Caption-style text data
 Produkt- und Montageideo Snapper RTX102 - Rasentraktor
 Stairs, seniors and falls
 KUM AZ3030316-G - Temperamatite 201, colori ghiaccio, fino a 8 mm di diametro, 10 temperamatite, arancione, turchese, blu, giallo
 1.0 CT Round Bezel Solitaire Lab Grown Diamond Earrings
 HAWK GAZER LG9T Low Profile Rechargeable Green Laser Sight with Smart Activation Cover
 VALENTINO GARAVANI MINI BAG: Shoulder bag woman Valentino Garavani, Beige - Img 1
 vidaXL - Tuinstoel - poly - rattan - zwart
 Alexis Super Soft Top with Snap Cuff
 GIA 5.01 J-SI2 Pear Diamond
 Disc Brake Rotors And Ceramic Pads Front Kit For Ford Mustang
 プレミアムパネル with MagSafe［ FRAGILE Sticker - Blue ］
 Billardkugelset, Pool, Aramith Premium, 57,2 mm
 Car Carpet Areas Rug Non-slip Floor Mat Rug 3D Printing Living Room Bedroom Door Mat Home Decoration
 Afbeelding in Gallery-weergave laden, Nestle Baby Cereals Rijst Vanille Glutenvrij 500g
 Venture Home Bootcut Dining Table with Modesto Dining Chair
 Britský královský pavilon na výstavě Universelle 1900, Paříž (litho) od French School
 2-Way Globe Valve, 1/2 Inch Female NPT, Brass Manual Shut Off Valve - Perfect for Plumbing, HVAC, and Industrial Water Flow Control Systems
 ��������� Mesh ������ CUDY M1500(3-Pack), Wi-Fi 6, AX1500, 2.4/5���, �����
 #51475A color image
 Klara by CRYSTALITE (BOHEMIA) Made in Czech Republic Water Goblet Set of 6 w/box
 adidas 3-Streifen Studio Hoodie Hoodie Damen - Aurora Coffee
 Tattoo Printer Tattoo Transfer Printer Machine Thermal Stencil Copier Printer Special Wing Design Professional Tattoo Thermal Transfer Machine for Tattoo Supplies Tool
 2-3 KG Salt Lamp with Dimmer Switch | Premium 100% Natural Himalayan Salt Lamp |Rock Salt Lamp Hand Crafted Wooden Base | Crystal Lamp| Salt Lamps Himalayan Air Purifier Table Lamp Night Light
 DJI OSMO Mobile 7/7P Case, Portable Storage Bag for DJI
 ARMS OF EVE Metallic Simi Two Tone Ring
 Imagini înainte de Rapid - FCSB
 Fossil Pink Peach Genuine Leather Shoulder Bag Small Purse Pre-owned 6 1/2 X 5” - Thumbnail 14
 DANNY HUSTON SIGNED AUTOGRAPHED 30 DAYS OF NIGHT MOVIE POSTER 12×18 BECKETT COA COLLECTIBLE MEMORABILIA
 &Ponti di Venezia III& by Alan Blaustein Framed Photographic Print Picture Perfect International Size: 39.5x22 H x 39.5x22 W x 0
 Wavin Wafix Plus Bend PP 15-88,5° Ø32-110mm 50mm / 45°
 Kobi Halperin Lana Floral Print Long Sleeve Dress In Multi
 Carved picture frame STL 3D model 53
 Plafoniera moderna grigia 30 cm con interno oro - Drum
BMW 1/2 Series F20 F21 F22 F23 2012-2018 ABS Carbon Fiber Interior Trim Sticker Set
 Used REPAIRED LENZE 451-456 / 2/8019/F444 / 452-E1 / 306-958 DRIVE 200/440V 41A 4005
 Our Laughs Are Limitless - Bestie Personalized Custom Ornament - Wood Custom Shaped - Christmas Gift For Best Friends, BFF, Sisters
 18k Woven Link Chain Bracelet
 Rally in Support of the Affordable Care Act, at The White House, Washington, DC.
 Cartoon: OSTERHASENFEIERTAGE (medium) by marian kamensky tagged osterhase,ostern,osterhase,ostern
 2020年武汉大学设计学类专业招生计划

▶ Task:
Find the word "Premium" in the data and show each line that holds it.

▶ Result of this exercise:
 Billardkugelset, Pool, Aramith Premium, 57,2 mm
 2-3 KG Salt Lamp with Dimmer Switch | Premium 100% Natural Himalayan Salt Lamp |Rock Salt Lamp Hand Crafted Wooden Base | Crystal Lamp| Salt Lamps Himalayan Air Purifier Table Lamp Night Light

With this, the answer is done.